• Assigned task
When you restate the records, do so word for word and omit any picture they contain.

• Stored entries
┄┄┄┄┄┄┄┄┄┄┄┄┄┄┄┄┄┄┄┄

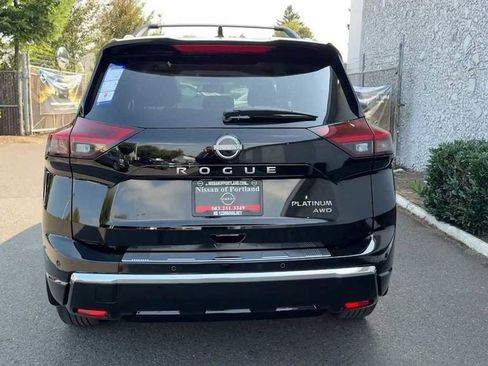 New 2026 Nissan Rogue Platinum w/ Platinum Premium Package image 9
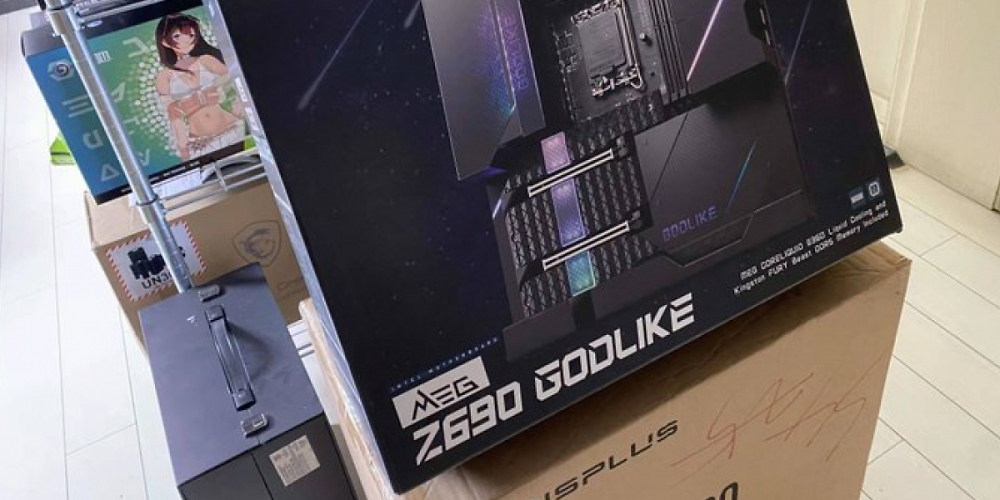 MSI MEG Z690 Godlike fotografiert: Knapp 100 Quadratzentimeter Premiumanspruch (1)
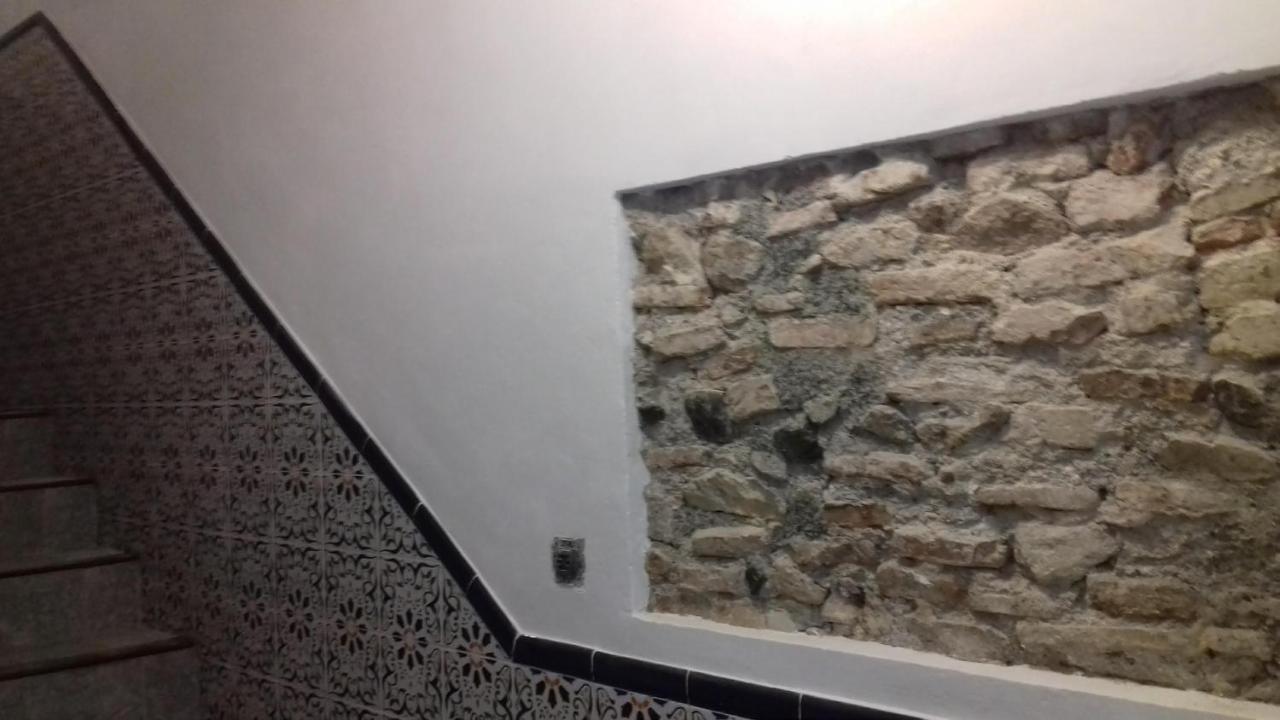 Malaga Ensuites City Centre Exterior photo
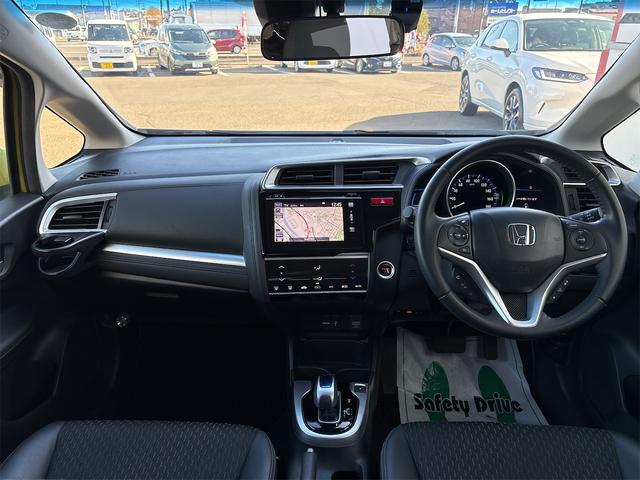 フィットハイブリッド Ｌパッケージ　衝突軽減装置　ナビＴＶＢカメラ　Ｂｌｕｔｏｏｔｈ　ＬＥＤオートライト　　ドラレコ　ＬＥＤオートライト　スマートキー２個　ＥＴＣ　ＵＳＢ　ハーフレザーシート　クルーズコントロール　サイドエアバック（2枚目）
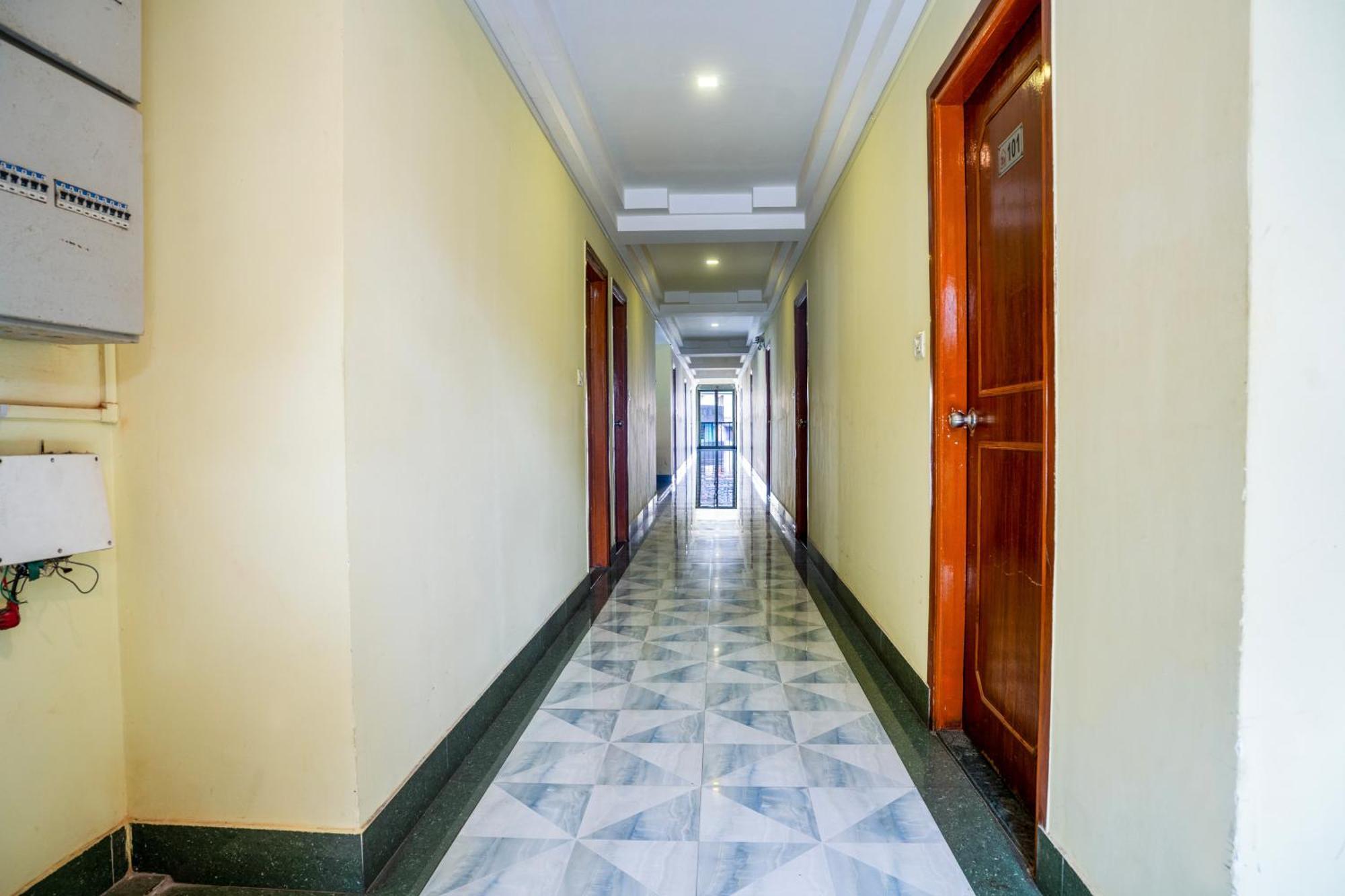 Hotel Niladrii Galaxy Siliguri Exterior foto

┄┄┄┄┄┄┄┄┄┄┄┄┄┄┄┄┄┄┄┄

• Exercise solution
 New 2026 Nissan Rogue Platinum w/ Platinum Premium Package image 9
 MSI MEG Z690 Godlike fotografiert: Knapp 100 Quadratzentimeter Premiumanspruch (1)
 Malaga Ensuites City Centre Exterior photo
 フィットハイブリッド Ｌパッケージ　衝突軽減装置　ナビＴＶＢカメラ　Ｂｌｕｔｏｏｔｈ　ＬＥＤオートライト　　ドラレコ　ＬＥＤオートライト　スマートキー２個　ＥＴＣ　ＵＳＢ　ハーフレザーシート　クルーズコントロール　サイドエアバック（2枚目）
 Hotel Niladrii Galaxy Siliguri Exterior foto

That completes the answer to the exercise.